The AMR of N. gonorrhoeae has been on the increase and is considered a public health challenge in various regions around the world [7]. Nowadays, WGS has been used widely in the typing and monitoring of resistant strains of N. gonorrhoeae [53]. Data presented in this study showed genetically diverse N. gonorrhoeae having 10 different MLSTs, which includes novel ST17026 identified in 8% (3/38) of the isolates.
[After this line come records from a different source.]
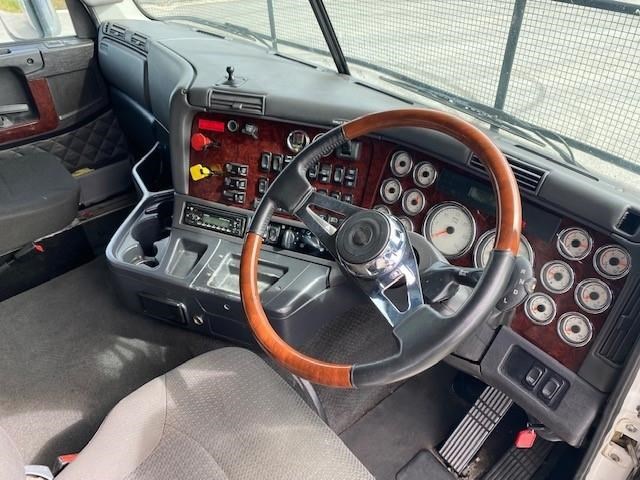 freightliner argosy 869251 013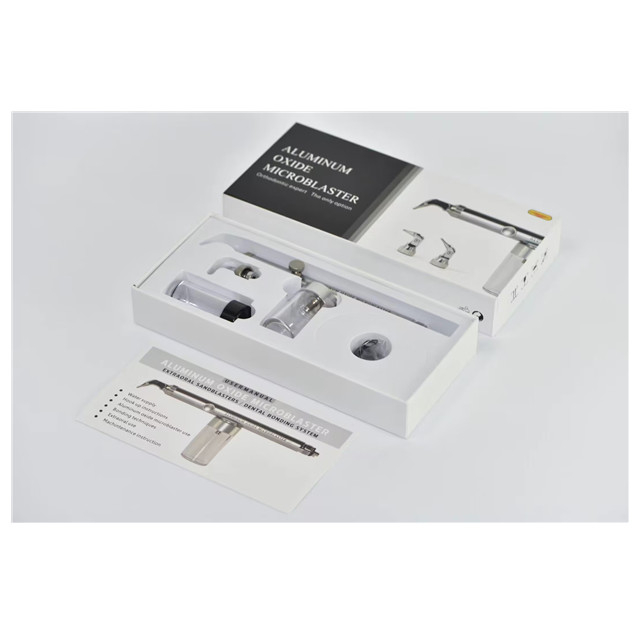 Стоматологический микробластер из оксида алюминия с водяным распылением для ортодонтического лечения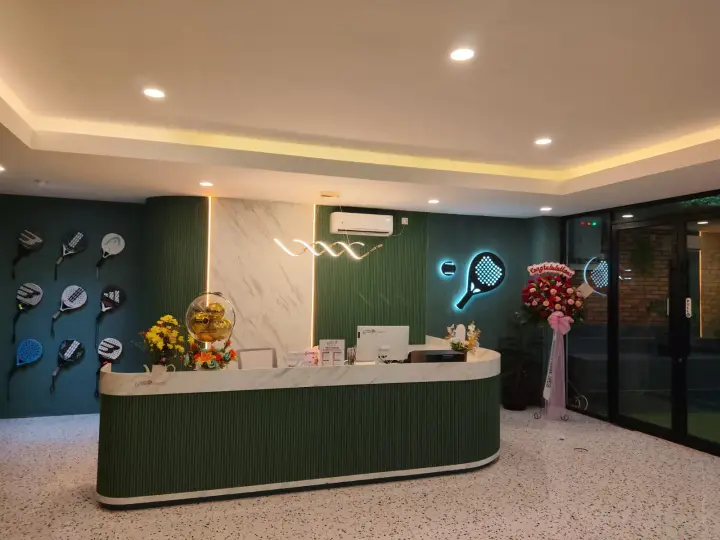 Reception with racket wall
The three isolates with novel ST shared a single MLST profile with a novel combination of abcZ:109 adk:39 aroE:67 fumC:771 gdh:148 pdhC:71 pgm:65 [54]. The substantial number of the novelty of the isolates corresponds with findings observed in South Africa [55]. The ST7363, ST1921, and ST1582 representing 55% (21/38) were the most circulating sequence types in Lusaka, Zambia, and highly resistant to ciprofloxacin, penicillin, and tetracycline [33]. The combinations of amino substitutions in the gyrA (S91F, D95G) and parC (E91G) were associated with resistance to ciprofloxacin. The study findings are in agreement with studies in Tanzania and South Africa where 70% of the isolates with MLST ST7363 and ST1901 were resistant to ciprofloxacin, penicillin, and tetracycline [59, 60]. Penicillinase-producing N. gonorrhoeae (PPNG) strains 84.2% (32/38) were detected in all the STs, and 2.6% (1/38) of the isolates had reduced susceptibility to cefixime with MIC 0.75 µg/mL (Additional file 1: Table S1). The PPNG isolates are highly prevalent and the global concern is that the blaTEM−1 gene encoding TEM−1 β-lactamase requires few specific single nucleotide polymorphisms (SNPs) to evolve into a gene encoding an extended-spectrum β-lactamase (ESBL) which could degrade all cephalosporins including ceftriaxone [61, 62]. All isolates harbored the GGI which is a type IV secretion system (T4SS) implicated in AMR to multiple antimicrobials [63]. Mutations within the mtrR gene are usually found amongst multidrug-resistant isolates of N. gonorrhoeae and are associated with the outflow of antimicrobials from the bacterial cell [64]. Furthermore, 2.6% of the isolates exhibited resistance to azithromycin, and all the isolates were susceptible to ceftriaxone [33]. The rise in the number of reports on treatment failures with 3GS demands urgent development of new antimicrobials for the treatment of gonorrhea and increased AMR surveillance remains vital to the prevention and control of gonorrhea worldwide [65–67].

Conclusion

The genomic analysis of the study showed a remarkable genetic diversity of N. gonorrhoeae with blaTEM−1, tetM, ponA, gyrA, and parC genes associated with high resistance to penicillin, tetracycline and ciprofloxacin demanding for revision of the Zambian standard treatment guidelines. The detection of N. gonorrhoeae resistant to azithromycin demands improved antimicrobial stewardship to prevent an epidemic of untreatable gonorrhea in Zambia.

Limitation of the study

The isolates studied were only from hospitals in Lusaka and might not be representative of other settings in Zambia.